--- START ---
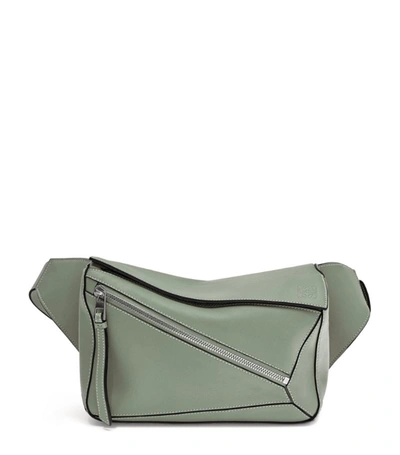 Loewe Small Leather Puzzle Belt Bag In Green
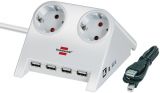 2-way Extension socket with 4 USB charging ports, 1.8m cable, white, Desktop Power Plus, Brennenstuhl, 1153520122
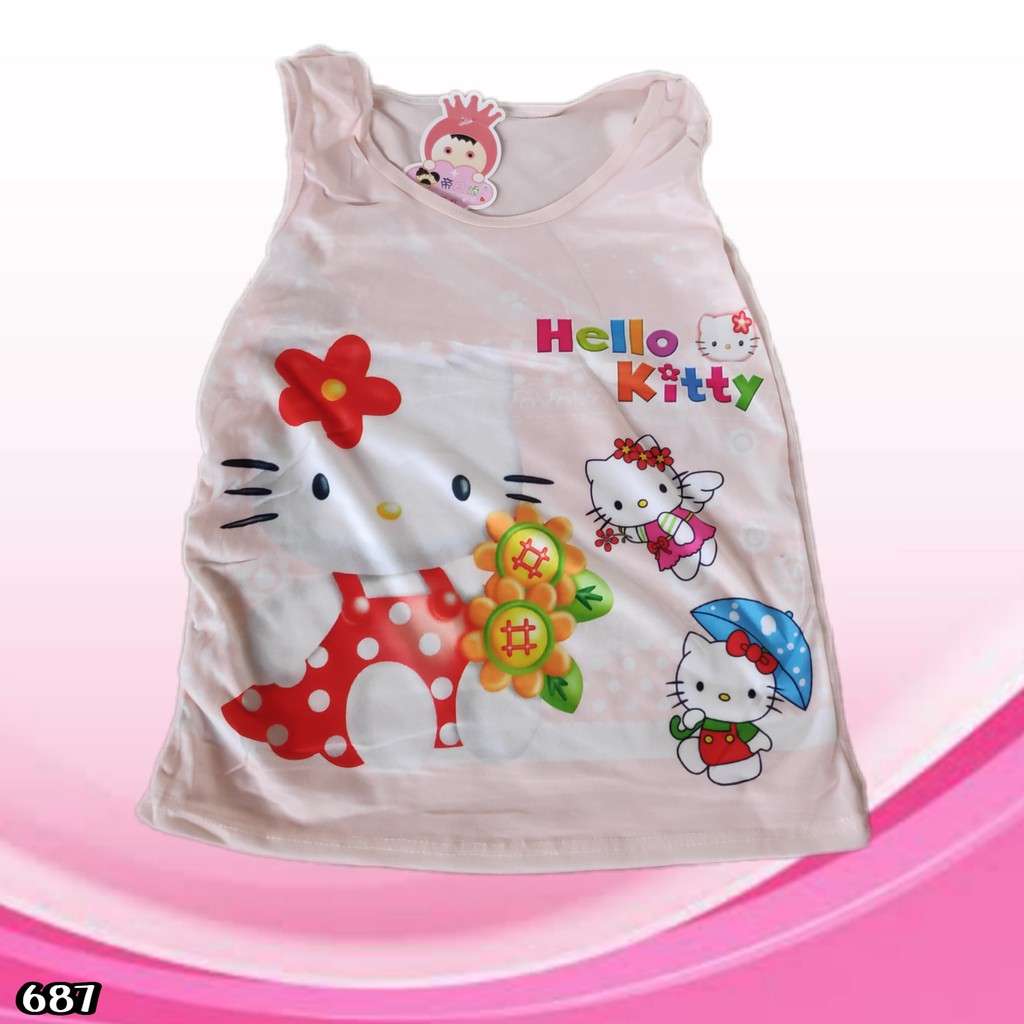 K687 - SINGLET TANKTOP ANAK WANITA MOTIF HELLO KITTY HARGA PER 1 PCS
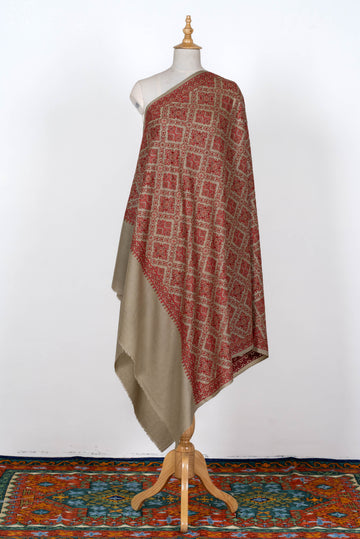 Earthy Red Wool Shawl with Intricate Geometric Motifs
--- END ---
▶ TASK BRIEF: Your task is to reproduce exactly the lines from the one with "2-way Extension socket" to the end of the material, both included, with the pictures left out.

▶ ANSWER TO THIS PROBLEM:
 2-way Extension socket with 4 USB charging ports, 1.8m cable, white, Desktop Power Plus, Brennenstuhl, 1153520122
 K687 - SINGLET TANKTOP ANAK WANITA MOTIF HELLO KITTY HARGA PER 1 PCS
 Earthy Red Wool Shawl with Intricate Geometric Motifs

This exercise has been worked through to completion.